■ Data block:
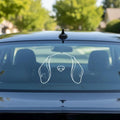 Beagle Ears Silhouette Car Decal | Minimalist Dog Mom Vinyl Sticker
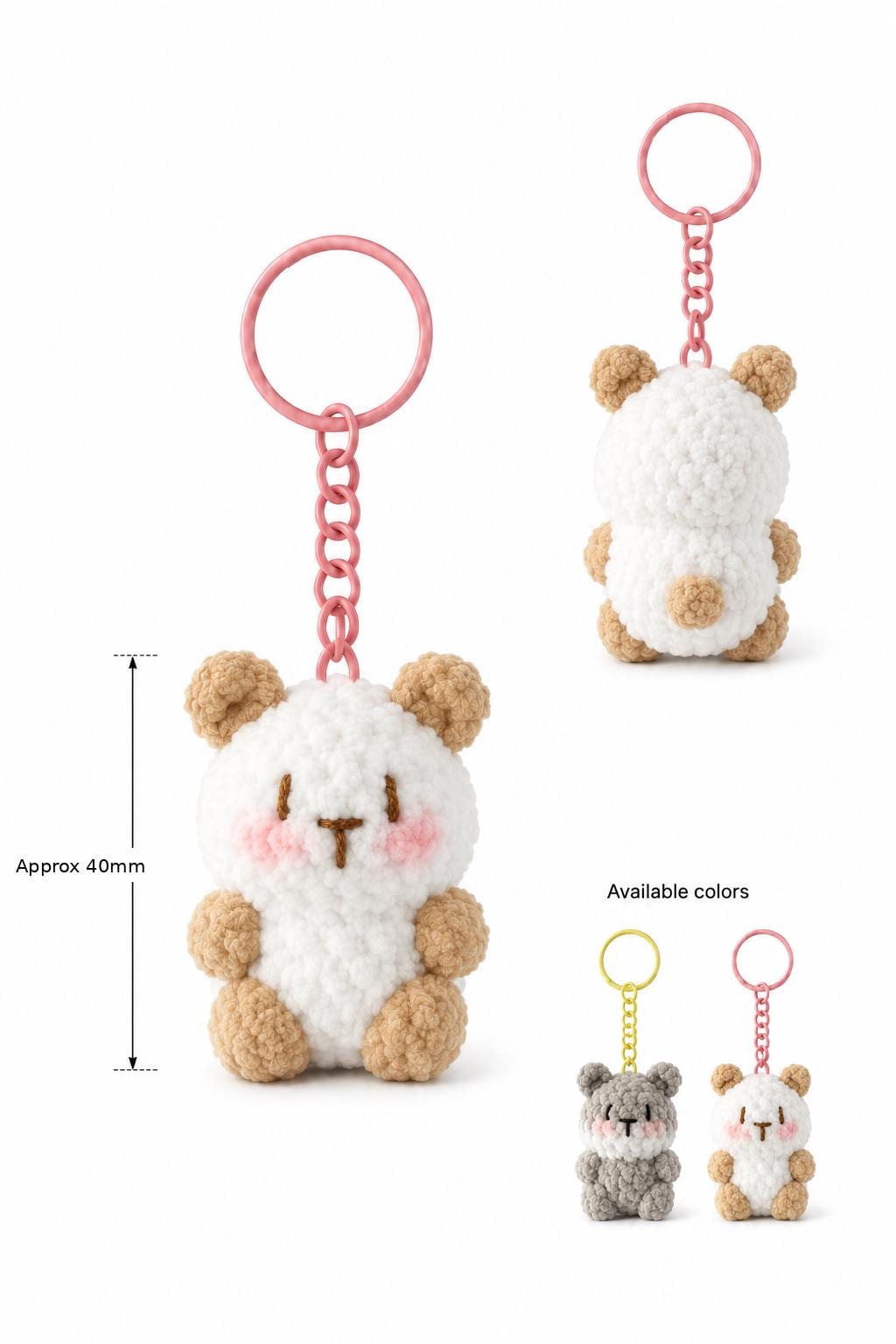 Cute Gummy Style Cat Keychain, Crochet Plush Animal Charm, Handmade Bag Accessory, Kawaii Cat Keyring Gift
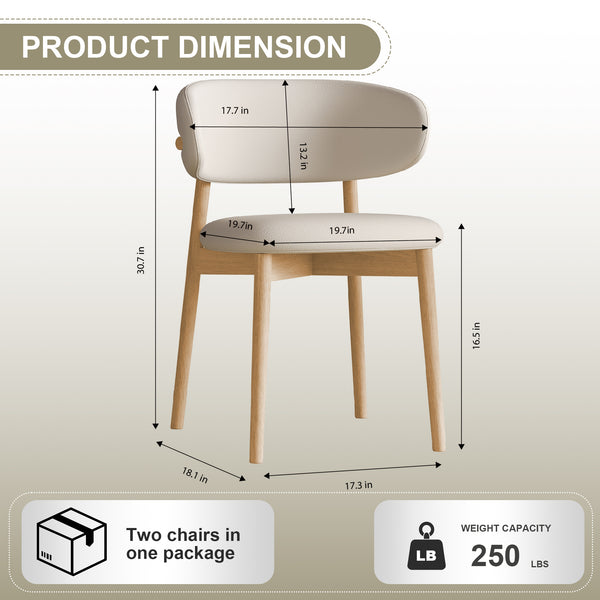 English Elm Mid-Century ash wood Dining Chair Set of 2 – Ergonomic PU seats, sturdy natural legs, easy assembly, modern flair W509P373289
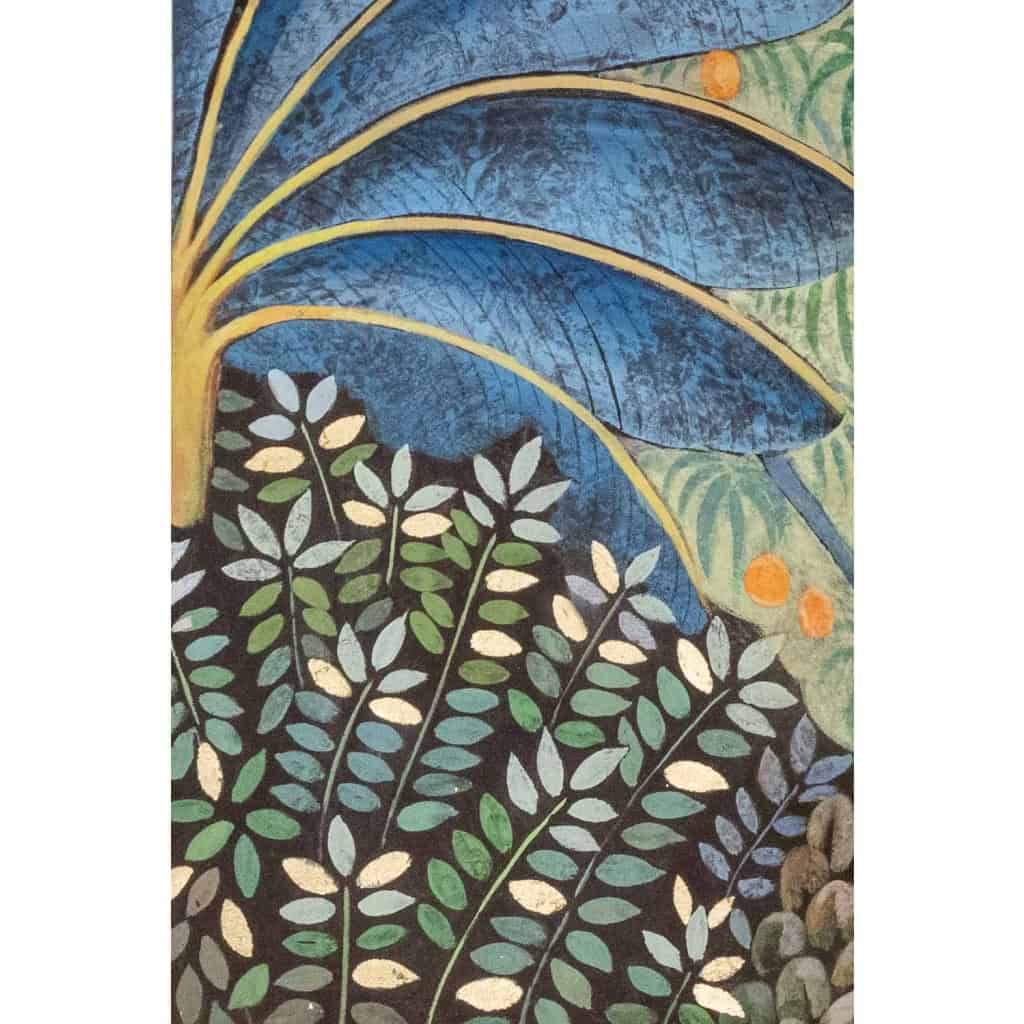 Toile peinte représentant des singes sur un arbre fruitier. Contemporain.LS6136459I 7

■ Required action: Your copy should begin at the line containing "English Elm Mid-Century" and end at the last line of the data above, matching each line exactly and holding no pictures.

■ Answer:
 English Elm Mid-Century ash wood Dining Chair Set of 2 – Ergonomic PU seats, sturdy natural legs, easy assembly, modern flair W509P373289
 Toile peinte représentant des singes sur un arbre fruitier. Contemporain.LS6136459I 7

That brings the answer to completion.